Understanding the Outer Product
Given two vectors, a = [a0, a1, ..., aM] and b = [b0, b1, ..., bN], the outer product is −
[[a0*b0 a0*b1 ... a0*bN ] [a1*b0 . . ] [ ... . . ] [aM*b0 ... aM*bN ]]
Creating the Complex Grid
To build a Mandelbrot grid, we need to create a 2D array of complex numbers where each point represents coordinates in the complex plane −
import numpy as np
# Create the real part using outer product
# np.ones creates a column vector, np.linspace creates the x-axis values
real_part = np.outer(np.ones((5,)), np.linspace(-2, 2, 5))
print("Real part of the grid:")
print(real_part)
Real part of the grid: [[-2. -1. 0. 1. 2.] [-2. -1. 0. 1. 2.] [-2. -1. 0. 1. 2.] [-2. -1. 0. 1. 2.] [-2. -1. 0. 1. 2.]]

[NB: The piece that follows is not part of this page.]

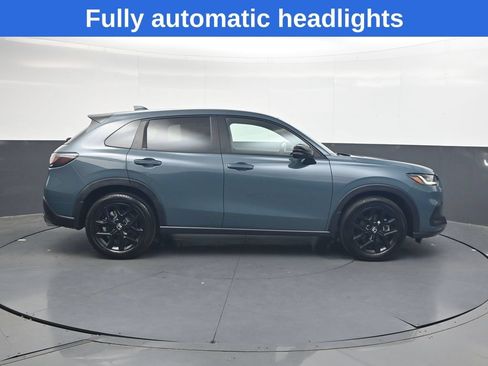 Used 2024 Honda HR-V Sport image 3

Creating the Imaginary Component
import numpy as np
# Create the imaginary part
# 1j multiplies by imaginary unit, creating y-axis values
imaginary_part = np.outer(1j * np.linspace(2, -2, 5), np.ones((5,)))
print("Imaginary part of the grid:")
print(imaginary_part)
Imaginary part of the grid: [[0.+2.j 0.+2.j 0.+2.j 0.+2.j 0.+2.j] [0.+1.j 0.+1.j 0.+1.j 0.+1.j 0.+1.j] [0.+0.j 0.+0.j 0.+0.j 0.+0.j 0.+0.j] [0.-1.j 0.-1.j 0.-1.j 0.-1.j 0.-1.j] [0.-2.j 0.-2.j 0.-2.j 0.-2.j 0.-2.j]]
Complete Mandelbrot Grid
Combining both components creates a grid of complex numbers suitable for Mandelbrot set computation −
import numpy as np
# Create real and imaginary components
real_part = np.outer(np.ones((5,)), np.linspace(-2, 2, 5))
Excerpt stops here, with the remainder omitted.